Unbreak My Heart (Unbreak My Heart #1)(38)


“Nope, don’t worry. I’m on top of things.”

“That’s not why I asked.”

“Yes it is.” I huffed out a small laugh. “It’s fine.”

“I’m really sorry, Katie.”

“Nothing to be sorry about,” I replied smoothly. I wasn’t playing that game with him again. I was so tired of the push and pull that seemed to happen constantly. As far as I was concerned, if he was sorry, he wouldn’t keep saying shitty things over and over.

I knew his background. He’d spent his entire childhood shuffled in and out of different foster homes. I knew that he’d always had a hard time thinking before he spoke, especially when he was emotional. We had that in common. However, I had never been someone who lashed out in anger like Shane did. Our histories were completely opposite, and because of that I’d forgiven him a lot. But at some point, you had to grow the f*ck up and act like an adult.

“Stop acting like that,” Shane said.

“Like what?”

“Like I didn’t hurt your feelings!” he growled into the phone.

“You didn’t. You were worried about the kids—I got it.”

“Goddammit.” He sighed.

We were silent for long seconds before he started speaking again.

“Do you know how hard this is for me?” he asked. “You’re sick, and I can’t do shit about it, because I’m f*cking stuck here. It doesn’t matter how sick you’re feeling or what’s happening back home. I’m. Stuck. Here.”
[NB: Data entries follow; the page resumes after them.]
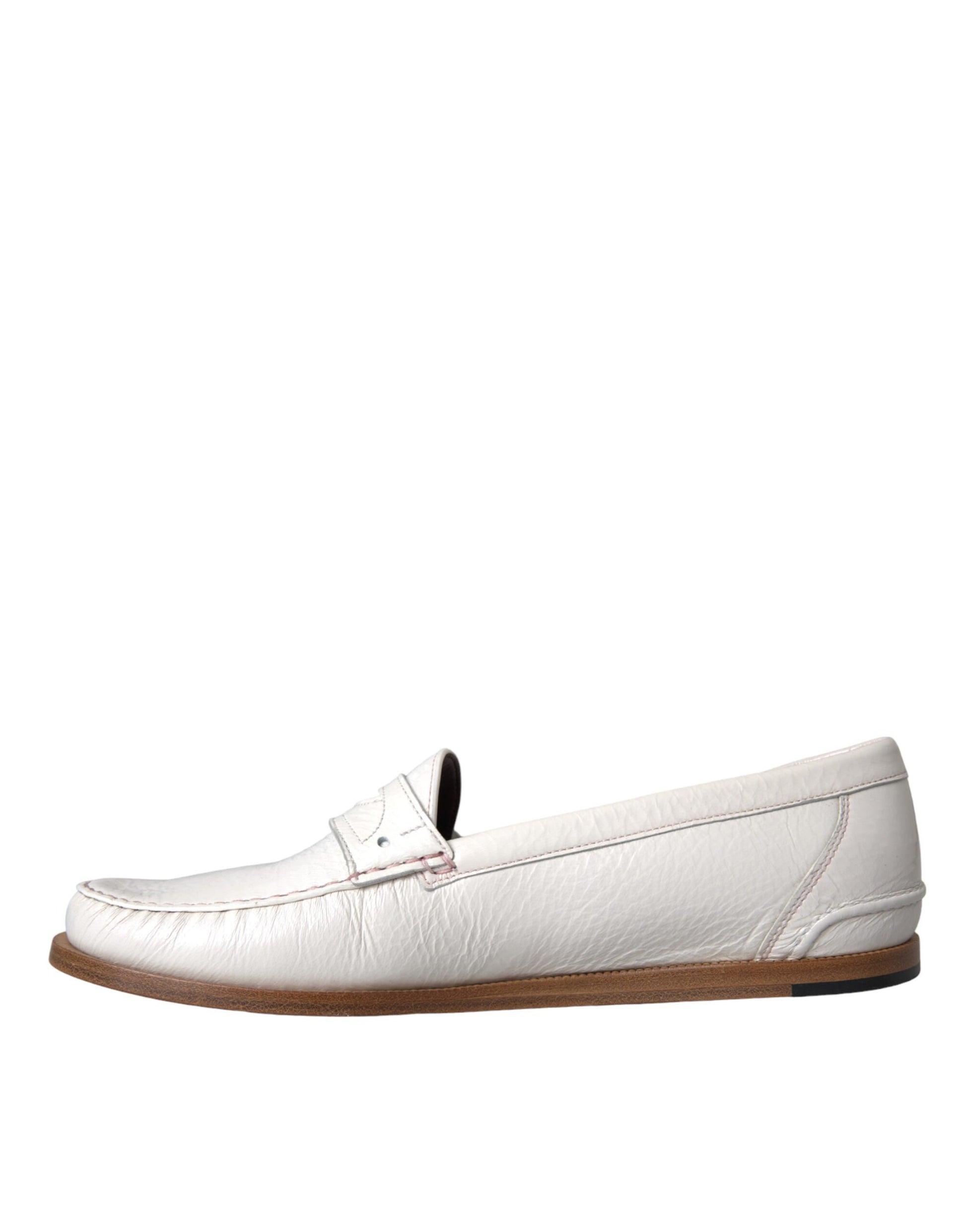 White Leather Slip On Mocassin Loafers Shoes-Dolce & Gabbana-LabelTerrace.com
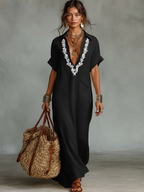 Linen Blend Embroidered Short-Sleeve Maxi Dress for Women - MDZ0600A1Y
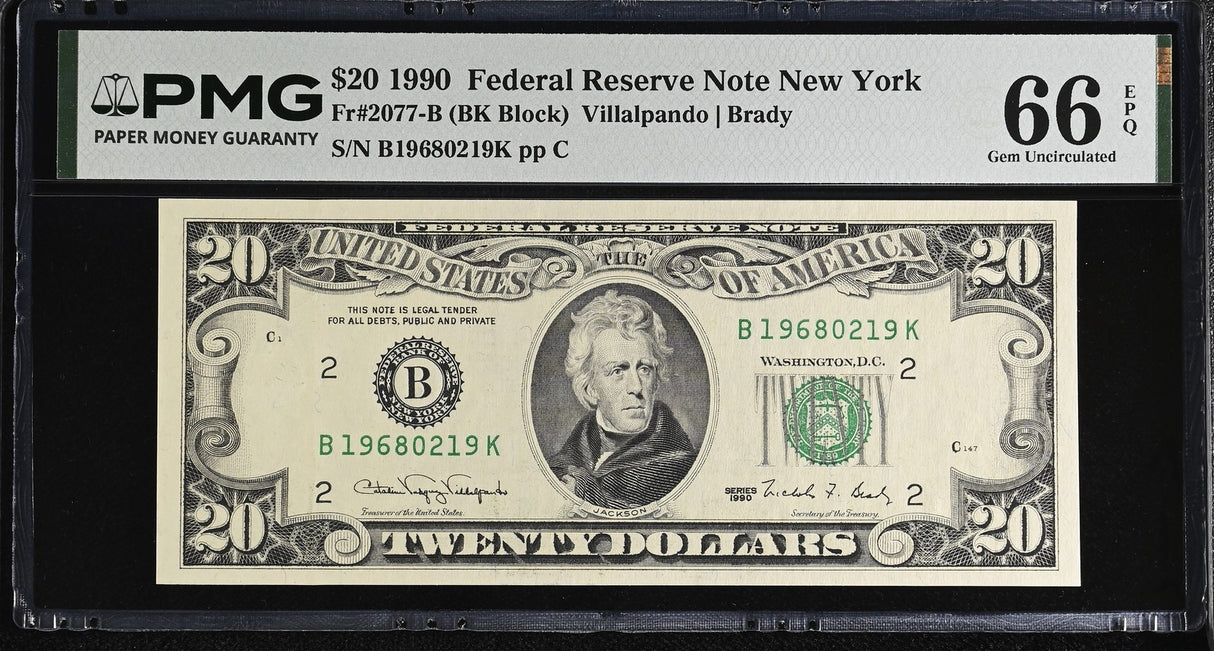 United States 20 Dollars Usa 1990 P 487 B New York Gem UNC PMG 66 EPQ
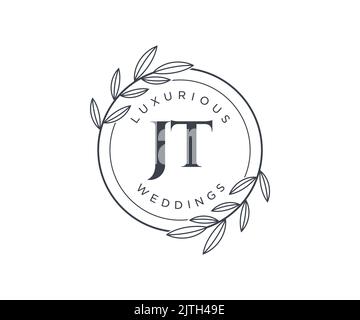 JT Initials letter Wedding monogram logos template, hand drawn modern minimalistic and floral templates for Invitation cards, Save the Date, elegant Stock Vector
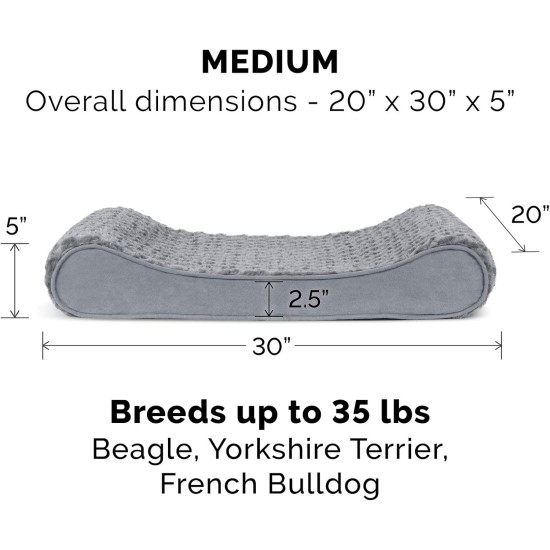 Furhaven Pet Dog Bed | Orthopedic Ultra Plush Luxe Lounger Pet Bed for Dogs & Cats, Gray, Large Furhaven Pet Dog Bed | Orthopedic Ultra Plush Luxe Lounger Pet Bed for Dogs & Cats, Gray, Large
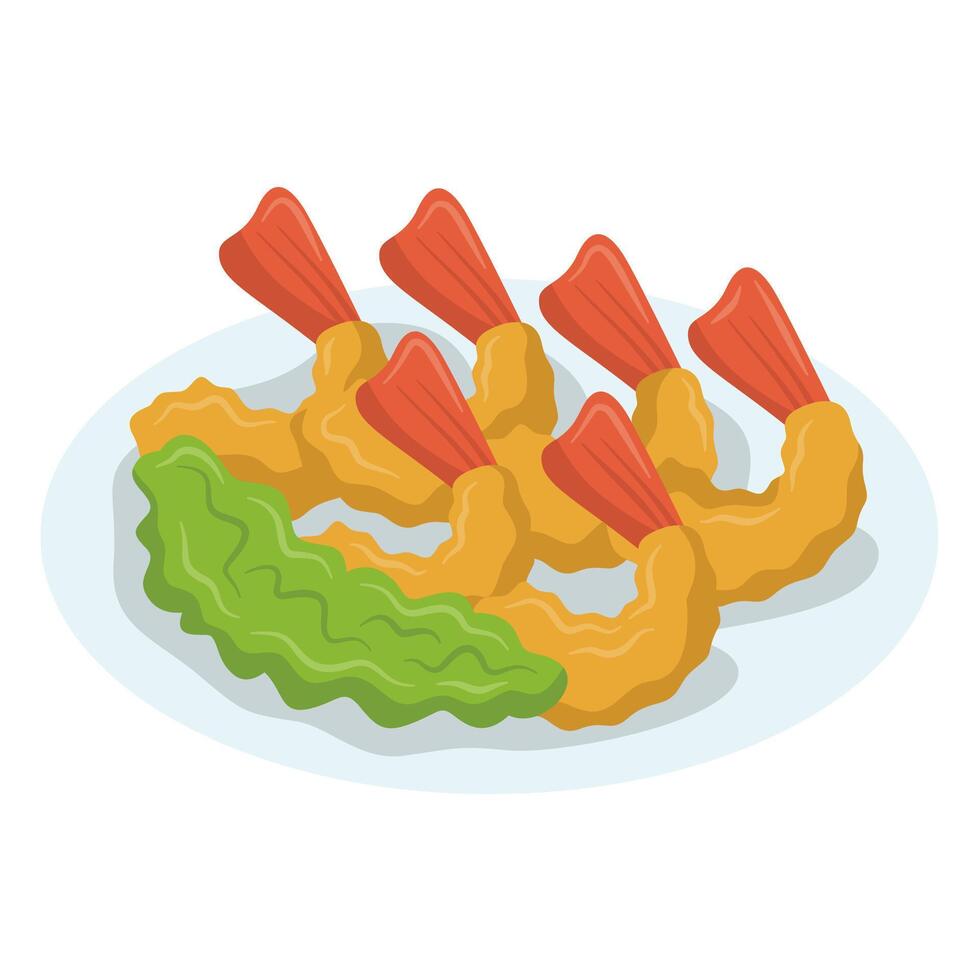 Shrimp Tempura Plate vector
“I know, that must be hard—”

“I’m sorry, okay? I shouldn’t have snapped at you the last time we talked. I wasn’t mad at you.”

“Okeydokey.”

“Knock it the f*ck off.”

“Shane, I don’t want to go back and forth with you. You hate me, you want me, you think I’m cool then I’m irritating. I’m pregnant and taking care of four kids under eight years old. I don’t have the time or energy to worry about how you feel about me.”

“Katie—” He paused for a long moment. “I was frustrated that you were having a hard time, and I didn’t react well. It’s not because I think you aren’t taking really good care of the kids…It’s because I was angry I wasn’t there to take care of you and the kids. Okay?”

“Well, you’re chatty tonight,” I replied, the joke falling flat. I didn’t know what to do with the words pouring out of his mouth. I didn’t know how to reply.

“Shit, Kate. It took me two weeks to talk to you. I had a lot of time to run through the apology in my head,” he grumbled, making me snort.

“Just…tone it down, okay?” I asked, moving out of the kitchen where I’d been making dinner. “You don’t have to snap at me every time you’re worried or whatever. It’s exhausting and pisses me off.”

“Yeah, and you do the silent-treatment shit like a champ.”

“Damn straight.”

“You’re okay?” He suddenly changed the subject.

“Yeah, Shane, I’m good. Getting rounder. The doctor says that’s supposed to happen.”

“I bet you’ll be cute as f*ck. Oh, speaking of how cute you’ll be—they have computers here so we can Skype. Can you set that up on your end?”

“Shane, I’m a web designer. I’ve got Skype.”

“Awesome. Shit, my time’s up,” he said as I heard someone speaking in the background. “I’ll call again when I can. Tell the kids I love them, okay?”

“Oh crap! You didn’t even get a chance to talk to them.”

“I’ll email you later today with my Skype info, and we can plan out a chat sometime this week—they’ll be stoked.”

“Yeah, they’ll freak. Be careful, okay?”

“Always.”

I waited for him to hang up, but after a few moments I could still hear him breathing.

“Hey, Katie?” he called quietly.

“Yeah?”

“I’m really glad you’re feeling better, beautiful. Take care of my son, okay?”

It took me a second to understand what he was saying, and when I did, I couldn’t stop the small smile that stretched my lips. “It could be a girl, you know.”

“Nope. It’ll be a boy,” he argued, and I knew he was smiling back at me. “Bye, Katie.”

“Bye, Shane.”

I stood silently for a long time in the archway between the living room and the kitchen, watching the kids as they played. It was going to be a long five months.

*



The next few months passed slowly and quickly at the same time. It felt as if things were moving at a snail’s pace when the kids and I were waiting on a Skype call from Shane, but when I had a deadline coming up, I had to race to meet it.

Work was going okay, even though I’d had to cut back yet again. I just didn’t have the energy to take on as much and still do my job well, and I hated the thought of giving people mediocre work. I also hadn’t anticipated that I’d still be feeling like shit almost six months into my pregnancy.

The doctors said I was still feeling the effects of morning sickness and I was anemic.